*** Opening Source information ***
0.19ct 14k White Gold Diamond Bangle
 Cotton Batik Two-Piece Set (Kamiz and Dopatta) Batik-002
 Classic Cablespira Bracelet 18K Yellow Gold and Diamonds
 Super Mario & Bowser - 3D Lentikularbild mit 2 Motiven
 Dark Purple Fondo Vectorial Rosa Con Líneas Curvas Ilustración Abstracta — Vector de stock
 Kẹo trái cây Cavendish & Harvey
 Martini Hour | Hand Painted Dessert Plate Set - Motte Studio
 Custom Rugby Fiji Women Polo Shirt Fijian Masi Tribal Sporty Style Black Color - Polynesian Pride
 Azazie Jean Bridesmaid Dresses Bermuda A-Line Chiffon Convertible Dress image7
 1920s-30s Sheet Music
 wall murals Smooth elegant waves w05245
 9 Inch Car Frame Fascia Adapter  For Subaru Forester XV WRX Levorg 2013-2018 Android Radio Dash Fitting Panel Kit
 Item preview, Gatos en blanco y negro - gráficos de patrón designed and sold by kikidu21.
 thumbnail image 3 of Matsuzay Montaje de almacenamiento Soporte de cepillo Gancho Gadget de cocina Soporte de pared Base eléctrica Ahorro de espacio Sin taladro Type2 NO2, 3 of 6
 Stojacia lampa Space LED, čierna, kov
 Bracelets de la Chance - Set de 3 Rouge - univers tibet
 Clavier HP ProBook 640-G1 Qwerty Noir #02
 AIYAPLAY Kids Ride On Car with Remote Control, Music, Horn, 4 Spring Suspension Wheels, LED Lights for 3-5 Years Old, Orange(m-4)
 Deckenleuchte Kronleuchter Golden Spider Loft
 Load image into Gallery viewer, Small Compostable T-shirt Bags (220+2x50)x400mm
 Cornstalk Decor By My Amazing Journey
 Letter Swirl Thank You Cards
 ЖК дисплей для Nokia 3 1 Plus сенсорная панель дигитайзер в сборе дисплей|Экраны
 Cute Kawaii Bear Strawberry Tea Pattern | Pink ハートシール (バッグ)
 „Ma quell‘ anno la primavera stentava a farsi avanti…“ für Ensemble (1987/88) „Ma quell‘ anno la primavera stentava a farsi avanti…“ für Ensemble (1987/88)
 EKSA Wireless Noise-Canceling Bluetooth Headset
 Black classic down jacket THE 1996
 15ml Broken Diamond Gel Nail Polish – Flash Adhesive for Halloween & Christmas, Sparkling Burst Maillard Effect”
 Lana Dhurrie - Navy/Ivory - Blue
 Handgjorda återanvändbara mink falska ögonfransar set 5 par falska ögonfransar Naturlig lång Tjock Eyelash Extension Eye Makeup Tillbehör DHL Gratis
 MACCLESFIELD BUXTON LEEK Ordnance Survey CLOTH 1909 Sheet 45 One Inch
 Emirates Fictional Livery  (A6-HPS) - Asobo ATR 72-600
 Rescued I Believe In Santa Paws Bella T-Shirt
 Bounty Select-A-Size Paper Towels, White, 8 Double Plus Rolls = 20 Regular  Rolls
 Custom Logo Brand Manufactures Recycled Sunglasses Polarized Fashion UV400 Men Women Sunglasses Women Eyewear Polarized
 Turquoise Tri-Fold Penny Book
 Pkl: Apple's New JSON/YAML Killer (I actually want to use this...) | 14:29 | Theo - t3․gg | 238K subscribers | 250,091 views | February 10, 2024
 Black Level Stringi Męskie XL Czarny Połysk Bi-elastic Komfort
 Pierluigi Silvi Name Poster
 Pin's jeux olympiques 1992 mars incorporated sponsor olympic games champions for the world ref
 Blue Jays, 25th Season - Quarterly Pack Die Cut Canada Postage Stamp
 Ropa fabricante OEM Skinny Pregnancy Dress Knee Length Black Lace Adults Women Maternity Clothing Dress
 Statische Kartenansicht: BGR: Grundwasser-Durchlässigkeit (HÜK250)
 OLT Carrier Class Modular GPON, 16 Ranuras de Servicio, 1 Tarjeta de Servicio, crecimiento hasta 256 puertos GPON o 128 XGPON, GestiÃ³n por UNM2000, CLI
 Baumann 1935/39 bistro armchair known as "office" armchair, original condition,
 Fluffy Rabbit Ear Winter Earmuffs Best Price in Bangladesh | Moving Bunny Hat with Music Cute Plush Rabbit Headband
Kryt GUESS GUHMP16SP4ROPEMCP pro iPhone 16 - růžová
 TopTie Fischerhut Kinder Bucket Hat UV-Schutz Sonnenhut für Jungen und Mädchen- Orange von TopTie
*** Closing Source information ***
-- Exercise details --
The required answer is the exact run of lines above starting at the line with "Turquoise Tri-Fold Penny Book" and ending at the line with "Baumann 1935/39 bistro", with both ends present.

-- Written answer --
 Turquoise Tri-Fold Penny Book
 Pkl: Apple's New JSON/YAML Killer (I actually want to use this...) | 14:29 | Theo - t3․gg | 238K subscribers | 250,091 views | February 10, 2024
 Black Level Stringi Męskie XL Czarny Połysk Bi-elastic Komfort
 Pierluigi Silvi Name Poster
 Pin's jeux olympiques 1992 mars incorporated sponsor olympic games champions for the world ref
 Blue Jays, 25th Season - Quarterly Pack Die Cut Canada Postage Stamp
 Ropa fabricante OEM Skinny Pregnancy Dress Knee Length Black Lace Adults Women Maternity Clothing Dress
 Statische Kartenansicht: BGR: Grundwasser-Durchlässigkeit (HÜK250)
 OLT Carrier Class Modular GPON, 16 Ranuras de Servicio, 1 Tarjeta de Servicio, crecimiento hasta 256 puertos GPON o 128 XGPON, GestiÃ³n por UNM2000, CLI
 Baumann 1935/39 bistro armchair known as "office" armchair, original condition,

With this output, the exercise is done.